Otro motivo de descontento era la sumisión a los intereses de Francia, que tuvo
como consecuencia la fatídica participación en la Batalla de Trafalgar (1805) y
su posterior derrota, suponiendo una gran pérdida para la armada española. A
pesar de esto, Godoy firma con Francia el Tratado de Fontainebleau(1807), que
permite la entrada de tropas francesas para conquistar Portugal y repartirlo
entre las coronas francesa y española.
Esta forma de
gobierno levantó una gran oposición que llevó a la creación del partido
antigodoyista, que durante el conocido motín de Aranjuez (1808) obligó a Godoy
a huir y renunciar a su cargo. Ante esta situación, Carlos IV decide abdicar en
su hijo Fernando, al cual había perdonado el intentó de conspiración en su
contra sucedido anteriormente.
La caída de
Godoy y de Carlos IV solo consiguió agravar la crisis de la monarquía española.
Mientras tanto, las tropas napoleónicas ya se habían instalado en España con el
fin de ocupar toda la Península ya que la conquista de Portugal era una simple
excusa. Además, Napoleón intervino en los asuntos familiares de la corona
española, y citó a Carlos IV y a Fernando VII en la ciudad de Bayona, donde los
obligó a renunciar al trono y cedérselo a su propio hermano José Bonaparte,
José I de España.
Ante la salida
de los últimos representantes de la familia real, el 2 de mayo de 1808 se
produce en Madrid el levantamiento contra los franceses. Se constituyeron
partidas de barrio, se buscó el aprovisionamiento de armas y se comprendió la
necesidad de impedir la entrada en la ciudad de nuevas tropas
francesas. Aun así, todo esto no fue suficiente y como respuesta a
este levantamiento, el general Murat proclama una serie de castigos que serán
aplicados por el ejército francés (fusilamientos, ejecuciones…) y que terminará
con un enorme derramamiento de sangre y cientos de muertes.
Para el
general Murat, la situación ya estaba controlada habiéndoles infundido a los
revolucionarios españoles un miedo garantizado.

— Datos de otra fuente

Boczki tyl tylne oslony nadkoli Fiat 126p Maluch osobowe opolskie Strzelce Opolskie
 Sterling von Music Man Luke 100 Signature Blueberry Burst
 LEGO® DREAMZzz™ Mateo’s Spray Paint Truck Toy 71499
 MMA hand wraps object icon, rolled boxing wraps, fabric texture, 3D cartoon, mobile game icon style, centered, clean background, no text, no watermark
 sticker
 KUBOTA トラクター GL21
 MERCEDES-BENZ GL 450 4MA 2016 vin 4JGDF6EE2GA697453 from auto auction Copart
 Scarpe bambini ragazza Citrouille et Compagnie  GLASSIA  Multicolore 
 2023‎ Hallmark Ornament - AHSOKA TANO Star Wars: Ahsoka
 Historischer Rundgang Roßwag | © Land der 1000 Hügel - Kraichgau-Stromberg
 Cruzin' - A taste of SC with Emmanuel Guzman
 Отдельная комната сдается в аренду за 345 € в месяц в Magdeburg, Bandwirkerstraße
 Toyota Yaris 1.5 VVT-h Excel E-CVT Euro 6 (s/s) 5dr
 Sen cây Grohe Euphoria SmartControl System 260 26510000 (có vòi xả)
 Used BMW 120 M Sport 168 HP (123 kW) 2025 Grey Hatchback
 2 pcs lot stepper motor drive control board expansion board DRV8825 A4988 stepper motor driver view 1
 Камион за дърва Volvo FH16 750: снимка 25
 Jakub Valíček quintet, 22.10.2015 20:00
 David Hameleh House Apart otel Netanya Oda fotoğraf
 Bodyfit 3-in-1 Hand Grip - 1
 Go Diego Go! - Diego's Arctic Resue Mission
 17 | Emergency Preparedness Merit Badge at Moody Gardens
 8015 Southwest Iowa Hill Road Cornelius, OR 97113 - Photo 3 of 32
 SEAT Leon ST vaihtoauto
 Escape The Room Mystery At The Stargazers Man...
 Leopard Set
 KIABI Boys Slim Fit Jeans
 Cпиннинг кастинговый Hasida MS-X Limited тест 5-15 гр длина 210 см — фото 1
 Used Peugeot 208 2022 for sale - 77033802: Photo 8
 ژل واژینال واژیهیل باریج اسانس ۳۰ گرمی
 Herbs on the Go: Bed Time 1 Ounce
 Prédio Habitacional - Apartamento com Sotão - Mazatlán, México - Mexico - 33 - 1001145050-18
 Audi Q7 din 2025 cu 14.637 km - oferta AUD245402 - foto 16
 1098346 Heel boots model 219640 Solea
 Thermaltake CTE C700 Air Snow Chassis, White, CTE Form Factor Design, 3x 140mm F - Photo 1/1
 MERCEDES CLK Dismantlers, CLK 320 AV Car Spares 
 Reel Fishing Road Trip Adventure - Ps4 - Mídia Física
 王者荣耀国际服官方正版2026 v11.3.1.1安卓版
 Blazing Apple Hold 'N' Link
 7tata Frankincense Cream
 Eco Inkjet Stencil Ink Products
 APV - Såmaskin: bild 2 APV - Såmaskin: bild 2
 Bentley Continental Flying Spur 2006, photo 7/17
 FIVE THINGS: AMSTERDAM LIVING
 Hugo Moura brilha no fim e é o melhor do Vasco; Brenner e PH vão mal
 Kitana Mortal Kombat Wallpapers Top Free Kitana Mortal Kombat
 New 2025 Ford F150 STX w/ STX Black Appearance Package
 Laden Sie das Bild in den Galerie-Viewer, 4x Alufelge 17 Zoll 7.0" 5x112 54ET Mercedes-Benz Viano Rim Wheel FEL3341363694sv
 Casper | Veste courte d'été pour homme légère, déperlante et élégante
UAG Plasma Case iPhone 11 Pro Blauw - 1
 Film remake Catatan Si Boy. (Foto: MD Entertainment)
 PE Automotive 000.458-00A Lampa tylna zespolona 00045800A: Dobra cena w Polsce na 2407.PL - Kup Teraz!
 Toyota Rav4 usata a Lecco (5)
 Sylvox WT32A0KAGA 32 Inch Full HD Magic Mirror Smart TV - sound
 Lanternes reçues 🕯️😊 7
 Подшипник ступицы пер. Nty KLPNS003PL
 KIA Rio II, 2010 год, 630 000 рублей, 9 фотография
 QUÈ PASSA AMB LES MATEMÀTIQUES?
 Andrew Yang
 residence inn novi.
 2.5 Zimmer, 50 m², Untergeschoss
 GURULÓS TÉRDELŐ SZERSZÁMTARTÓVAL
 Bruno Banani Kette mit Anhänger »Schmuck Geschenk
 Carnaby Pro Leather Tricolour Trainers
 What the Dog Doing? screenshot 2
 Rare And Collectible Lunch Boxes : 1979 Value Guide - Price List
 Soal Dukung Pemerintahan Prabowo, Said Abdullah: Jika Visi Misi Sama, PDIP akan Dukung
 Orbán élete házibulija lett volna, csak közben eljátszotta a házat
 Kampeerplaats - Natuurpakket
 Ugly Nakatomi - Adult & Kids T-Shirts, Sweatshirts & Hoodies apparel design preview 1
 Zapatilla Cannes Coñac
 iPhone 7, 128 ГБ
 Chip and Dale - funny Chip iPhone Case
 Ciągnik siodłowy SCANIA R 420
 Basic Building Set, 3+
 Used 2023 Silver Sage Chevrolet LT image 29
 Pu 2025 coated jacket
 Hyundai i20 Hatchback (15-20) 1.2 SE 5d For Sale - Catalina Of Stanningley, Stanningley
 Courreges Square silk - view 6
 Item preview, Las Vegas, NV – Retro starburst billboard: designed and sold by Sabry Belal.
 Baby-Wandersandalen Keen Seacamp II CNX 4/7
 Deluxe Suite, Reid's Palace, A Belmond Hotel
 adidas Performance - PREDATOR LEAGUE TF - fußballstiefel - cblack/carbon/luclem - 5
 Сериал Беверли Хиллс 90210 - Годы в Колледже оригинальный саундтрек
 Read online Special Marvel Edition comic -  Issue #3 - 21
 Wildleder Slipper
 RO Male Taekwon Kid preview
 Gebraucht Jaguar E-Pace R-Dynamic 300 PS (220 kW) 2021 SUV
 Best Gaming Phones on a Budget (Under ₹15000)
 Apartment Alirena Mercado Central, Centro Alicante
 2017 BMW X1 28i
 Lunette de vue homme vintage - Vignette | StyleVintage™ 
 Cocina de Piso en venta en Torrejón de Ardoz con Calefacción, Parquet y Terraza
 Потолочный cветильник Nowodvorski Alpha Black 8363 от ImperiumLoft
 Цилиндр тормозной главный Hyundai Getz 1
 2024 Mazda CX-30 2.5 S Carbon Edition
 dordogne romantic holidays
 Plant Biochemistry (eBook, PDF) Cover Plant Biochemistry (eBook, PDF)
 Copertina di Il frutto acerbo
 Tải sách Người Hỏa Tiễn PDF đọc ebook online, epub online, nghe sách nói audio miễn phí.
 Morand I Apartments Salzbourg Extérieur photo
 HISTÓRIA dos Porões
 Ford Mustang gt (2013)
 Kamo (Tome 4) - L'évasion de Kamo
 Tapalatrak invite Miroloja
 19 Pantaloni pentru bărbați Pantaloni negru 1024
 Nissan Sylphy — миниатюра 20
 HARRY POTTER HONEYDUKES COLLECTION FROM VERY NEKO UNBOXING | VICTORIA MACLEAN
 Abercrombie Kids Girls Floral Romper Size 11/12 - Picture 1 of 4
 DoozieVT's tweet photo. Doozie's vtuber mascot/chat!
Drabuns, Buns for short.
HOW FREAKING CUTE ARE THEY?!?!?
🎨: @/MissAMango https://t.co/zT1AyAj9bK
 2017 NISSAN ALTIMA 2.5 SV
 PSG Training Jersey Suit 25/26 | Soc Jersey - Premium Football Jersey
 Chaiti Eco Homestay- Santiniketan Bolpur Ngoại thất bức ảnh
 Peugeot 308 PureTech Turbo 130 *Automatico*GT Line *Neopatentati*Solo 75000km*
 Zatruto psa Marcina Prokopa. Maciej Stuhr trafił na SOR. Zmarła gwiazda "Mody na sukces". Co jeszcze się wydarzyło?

Sin embargo, las noticias
traídas por los fugitivos de la represión de lo sucedido en Madrid se fueron
extendiendo a otras ciudades y pueblos de la monarquía. Ante esta
situación se formó un bando en el que se llamaba a todos los
españoles a empuñar las armas en contra del invasor, empezando por acudir al
socorro de la capital. Dicho bando haría de un modo indirecto, comenzar el
levantamiento general.
Este
levantamiento popular y espontáneo, sorprendió al ejército francés, que no solo
no pudo ocupar ciertas ciudades, sino que tampoco fue capaz de vencer en muchos
casos a algunas de estas guerrillas. Aprovechando el debilitamiento de las
tropas napoleónicas en las batallas, se restaura como monarca a Fernando VII,
con lo que el poder de Napoleón se hace apenas inexistente en España.